# Work required
From the line holding "TERRAIN D'EXCEPTION À" through the line holding "Philodromus aureolus" below, write out every line exactly; include both of those lines and drop the pictures.

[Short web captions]

=== Section Start ===

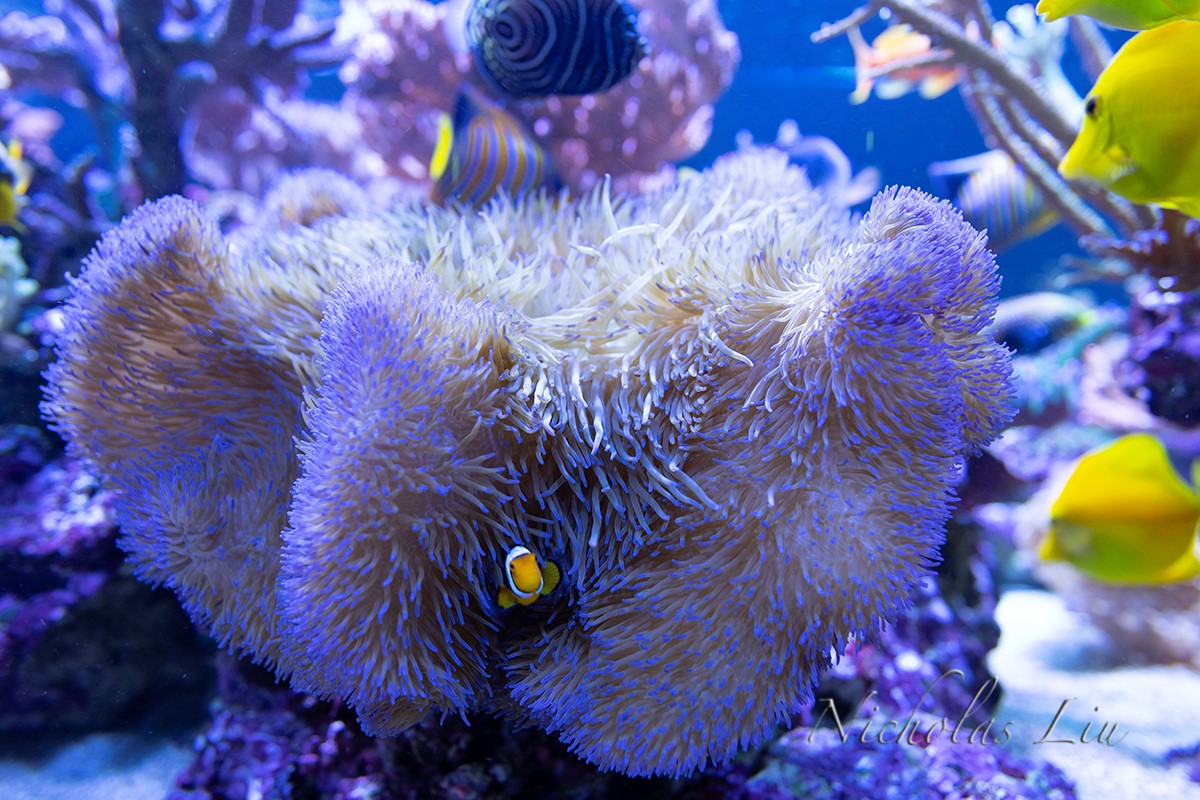 经典海水礁岩生态缸分享，180×120×60厘米三面观赏海缸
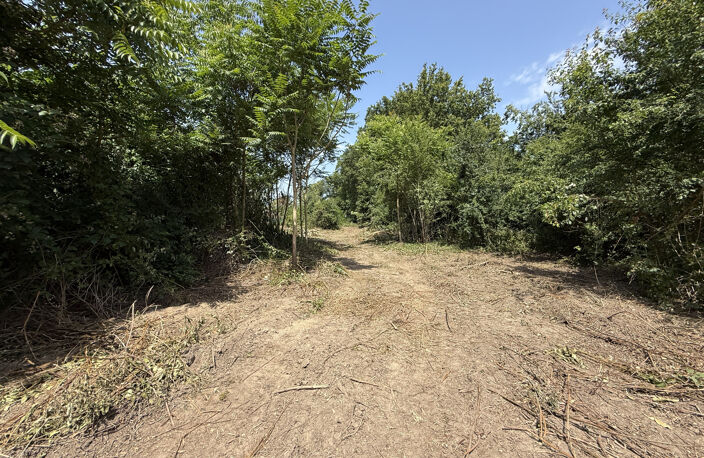 TERRAIN D'EXCEPTION À NEAUPHLE-LE-CHÂTEAU (78640) — photo 4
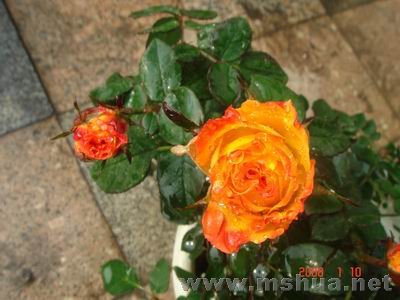 ������С DSC04036.JPG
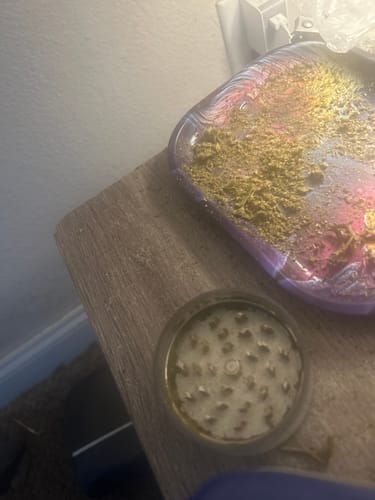 Blackberry™ – Feminized CBD Seeds photo review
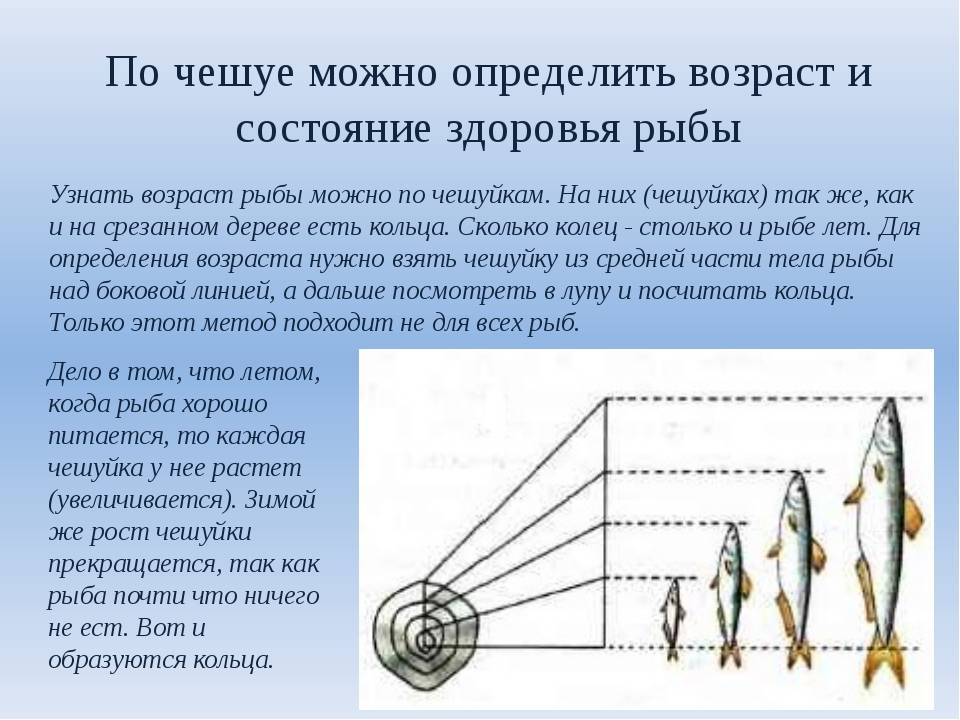 Направление течения рыбы определяют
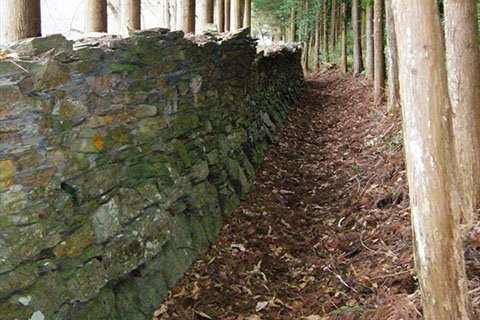 車道と呼ばれる幅約1.2mの溝。石などの資材を積んだ台車を走らせた道として、また垣根に高さを出すために掘られたものと推測され、山手側から見ると石垣が高くなっています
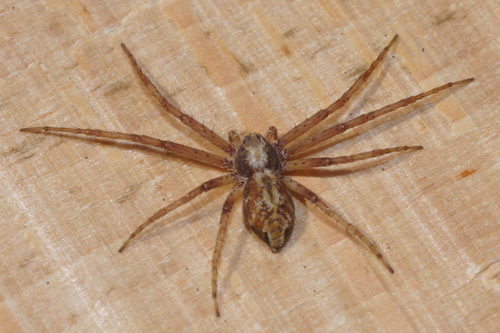 Philodromus aureolus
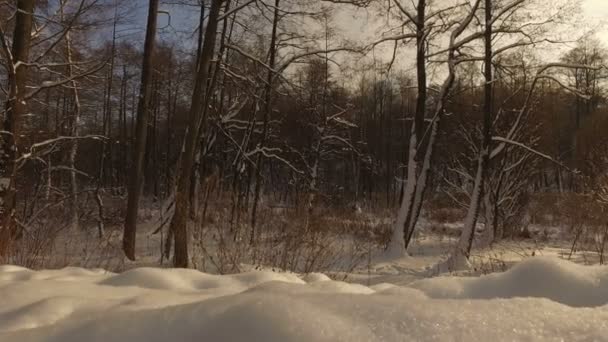 Parque de invierno nevado — Vídeo de stock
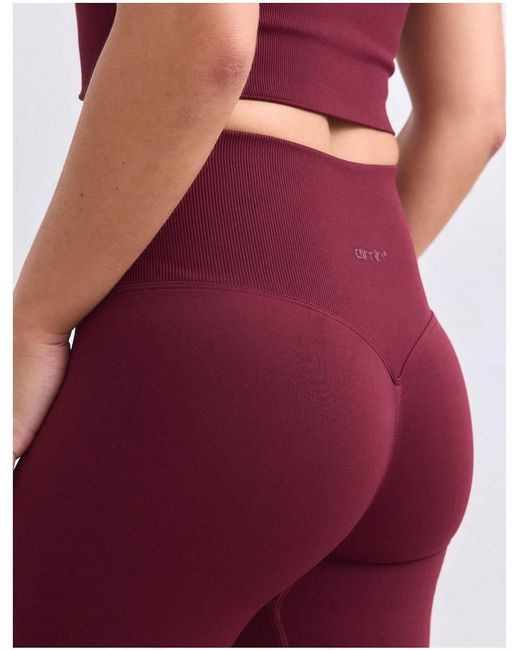 Aim'n Red Merlot Shape Seamless Tall Tights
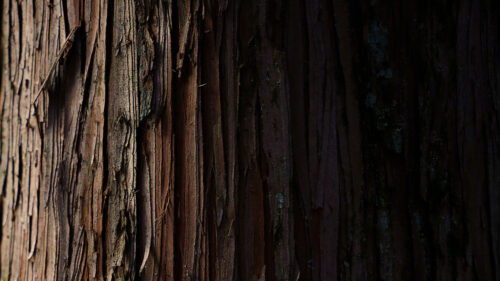 Bark, Wood, Stripes Wallpapers Free Download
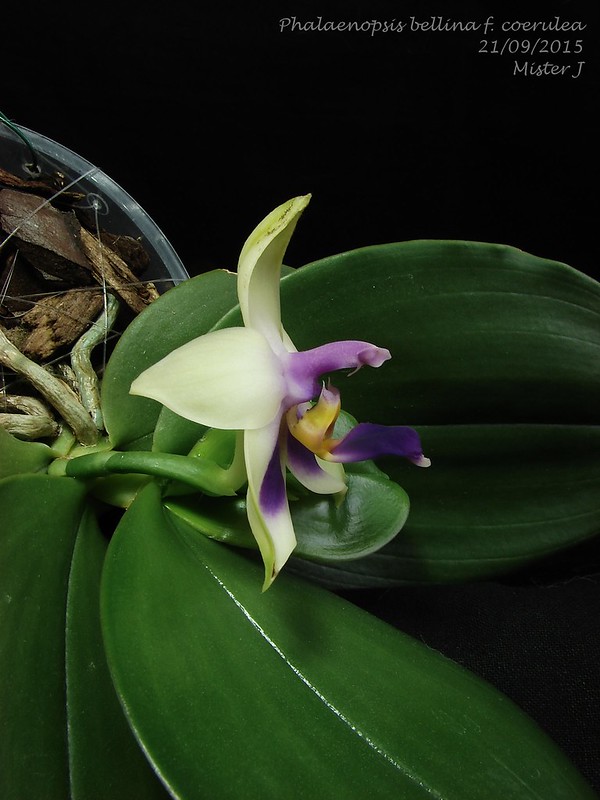 Phalaenopsis bellina f. coerulea 21576931826_9fcb3e43a0_c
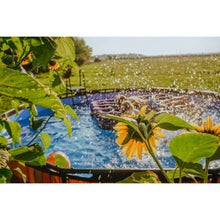 Load image into Gallery viewer, EXIT Black 427X122 pool with sand filter and ladder - black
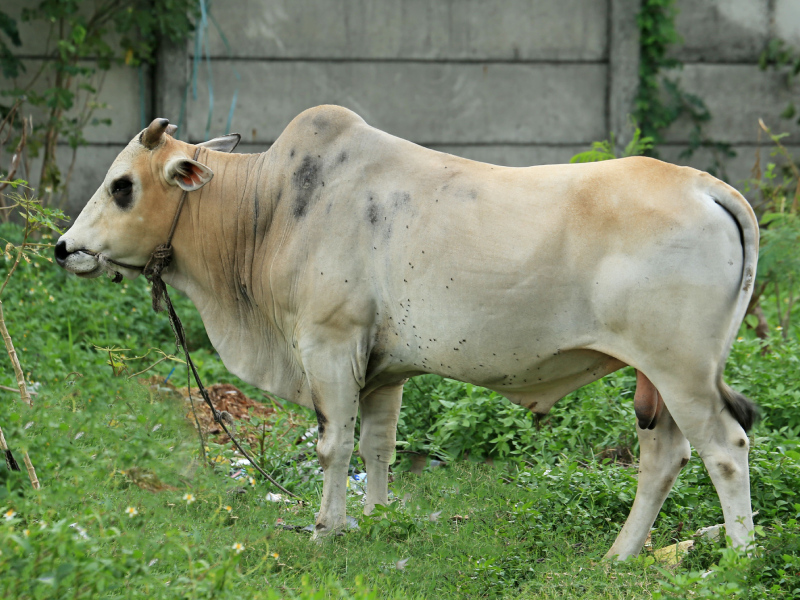almubarak-cow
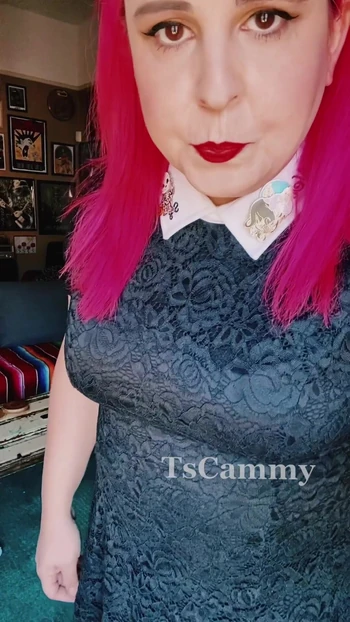 Trans bunny being playful and cute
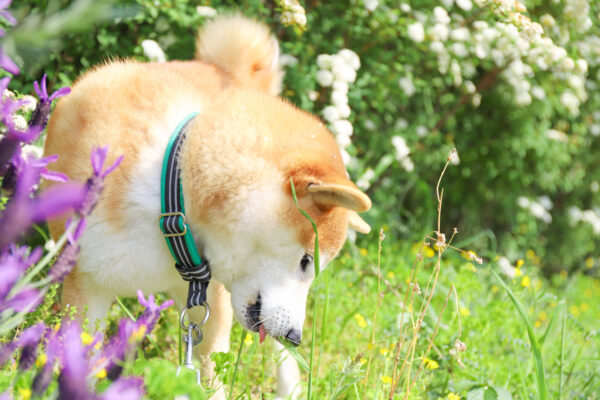 散歩中の柴犬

=== Section End ===

# Written response
 TERRAIN D'EXCEPTION À NEAUPHLE-LE-CHÂTEAU (78640) — photo 4
 ������С DSC04036.JPG
 Blackberry™ – Feminized CBD Seeds photo review
 Направление течения рыбы определяют
 車道と呼ばれる幅約1.2mの溝。石などの資材を積んだ台車を走らせた道として、また垣根に高さを出すために掘られたものと推測され、山手側から見ると石垣が高くなっています
 Philodromus aureolus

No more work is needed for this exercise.